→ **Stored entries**
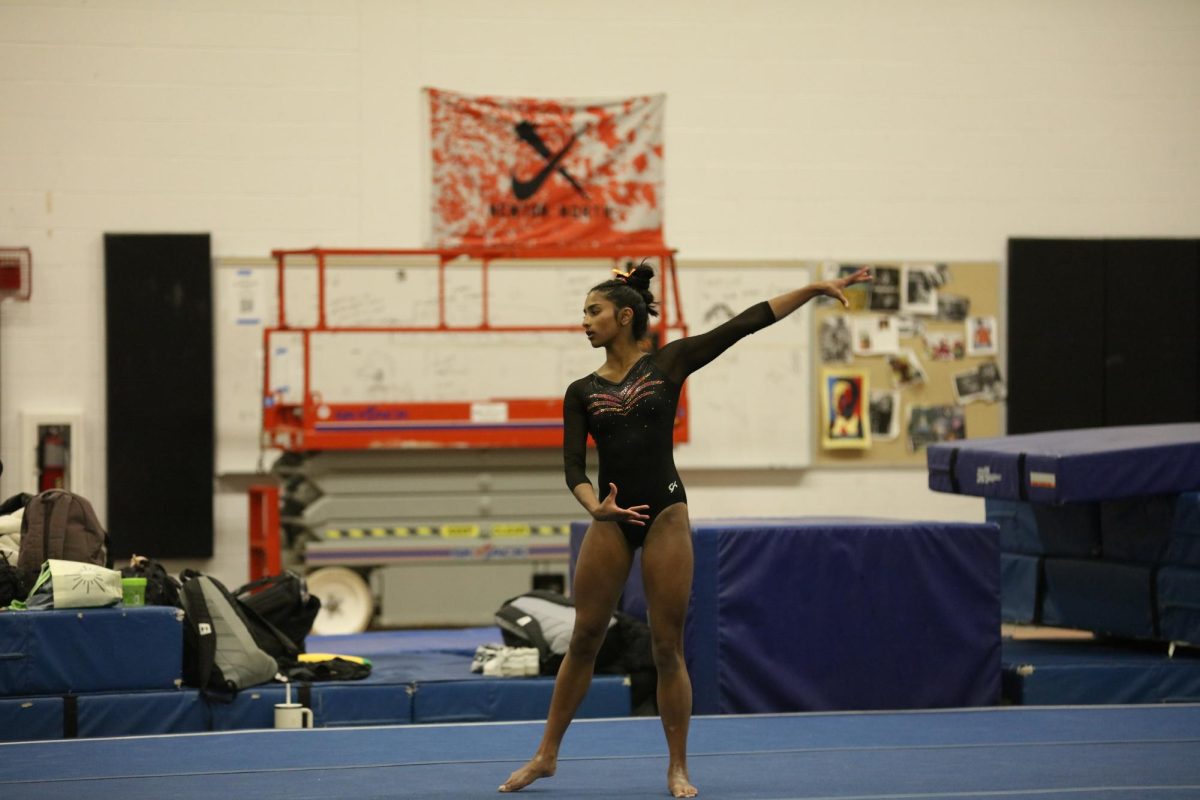 Senior Nika Jayanth poses after a successful floor routine, Friday, Jan. 23.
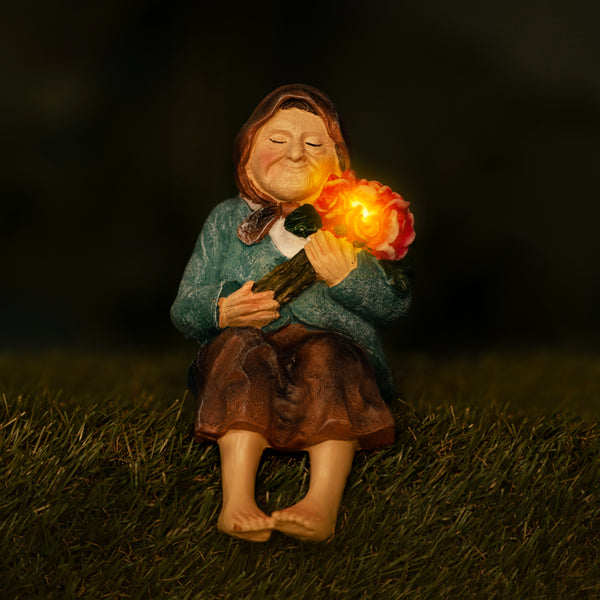 A small seated figurine of a woman holding a glowing flower, photographed outdoors on grass at night. The figurine has a blue-green top, brown skirt, and bare feet, with the flower emitting a warm orange light.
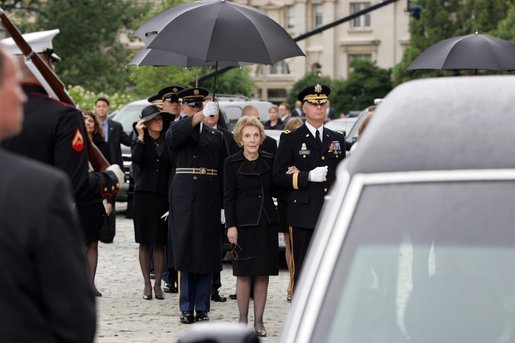 Former First Lady Nancy Reagan watches the casket of former President Ronald Reagan being loaded into a hearse at the funeral service at the National Cathedral in Washington, DC on June 11, 2004. White House photo by Paul Morse.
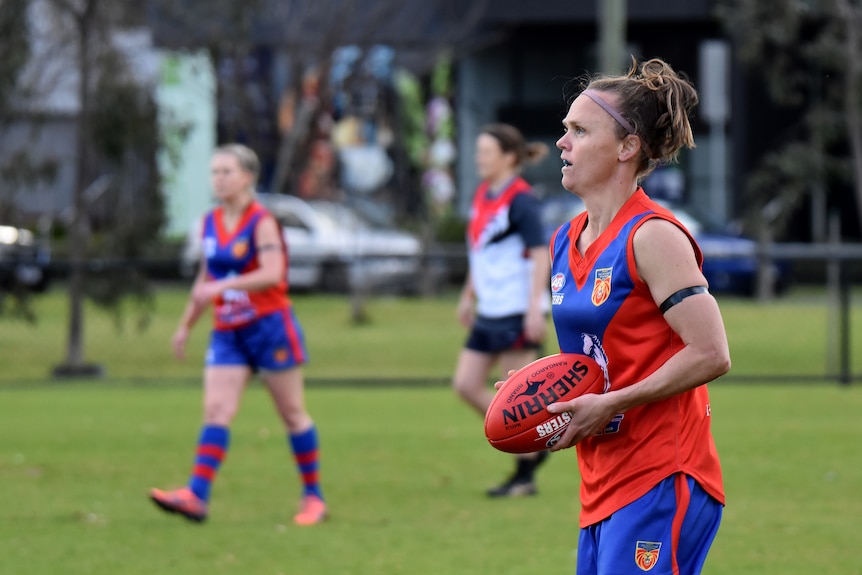 A female Aussie Rules player holds the ball in her hands as she prepares for a free kick.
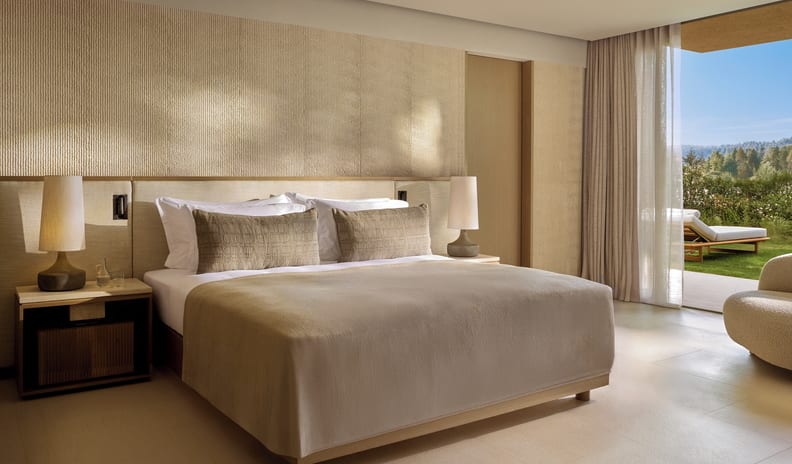 One Bedroom Residence Private Garden Marina Front bedroom featuring a large bed with taupe linens, elegant bedside lamps, and seamless indoor-outdoor transition to a private garden at Sani Asterias by Kenwood Travel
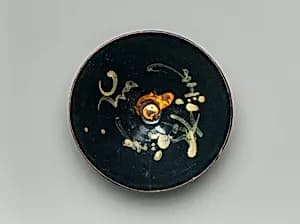 Tea Bowl with Crescent Moon, Clouds, and Blossoming Plums by Unknown Artist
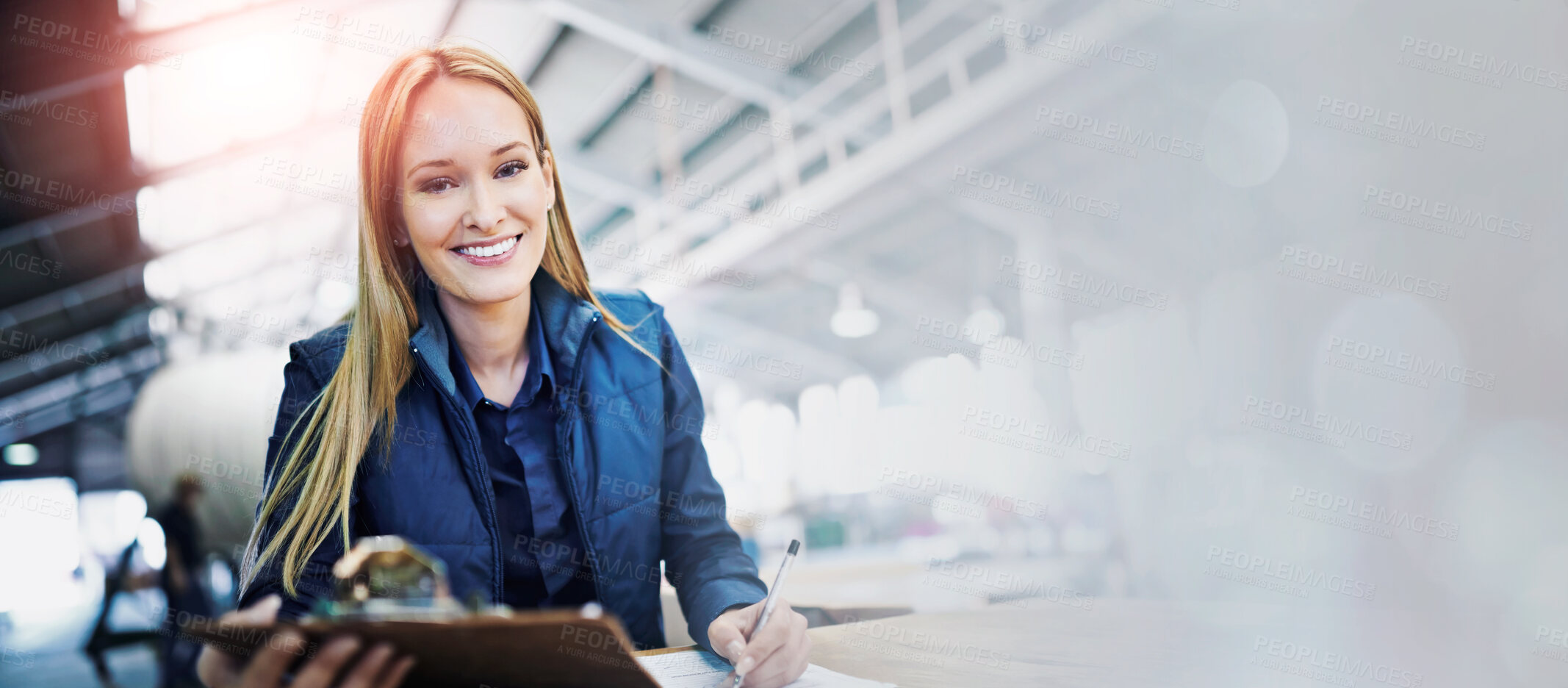 Buy stock photo Woman, supervisor and writing with clipboard in logistics at factory with machines for supply chain. Portrait, warehouse and paperwork on table in manufacturing and distribution business with smile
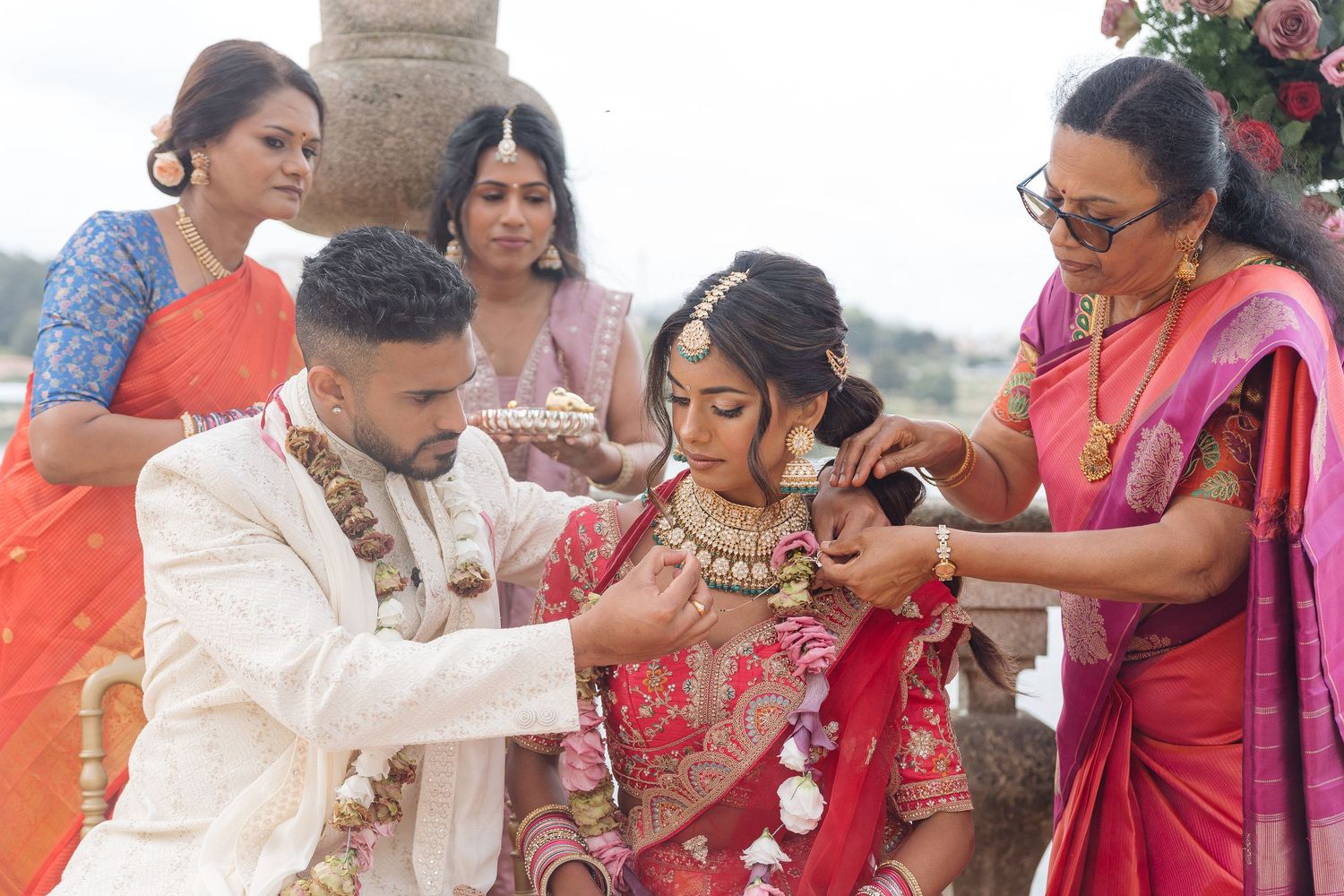 Traditional Indian wedding ceremony with family members performing rituals outdoors.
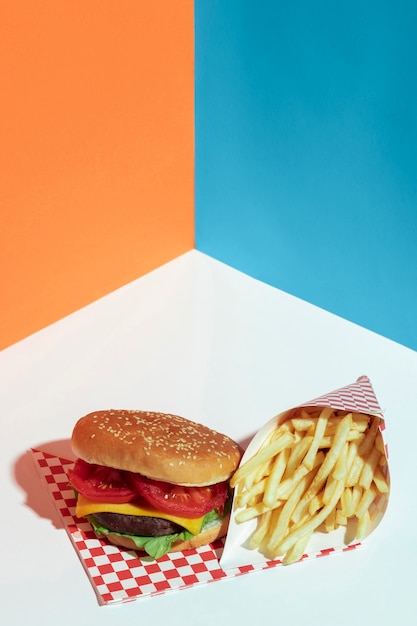Gratis foto hoge hoekopstelling met smakelijke cheeseburger en friet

→ **What is being asked**
Exactly the lines from the line that contains "Tea Bowl with" through the last line above, and no other lines, must be output, with pictures excluded.

→ **Written solution**
 Tea Bowl with Crescent Moon, Clouds, and Blossoming Plums by Unknown Artist
 Buy stock photo Woman, supervisor and writing with clipboard in logistics at factory with machines for supply chain. Portrait, warehouse and paperwork on table in manufacturing and distribution business with smile
 Traditional Indian wedding ceremony with family members performing rituals outdoors.
Gratis foto hoge hoekopstelling met smakelijke cheeseburger en friet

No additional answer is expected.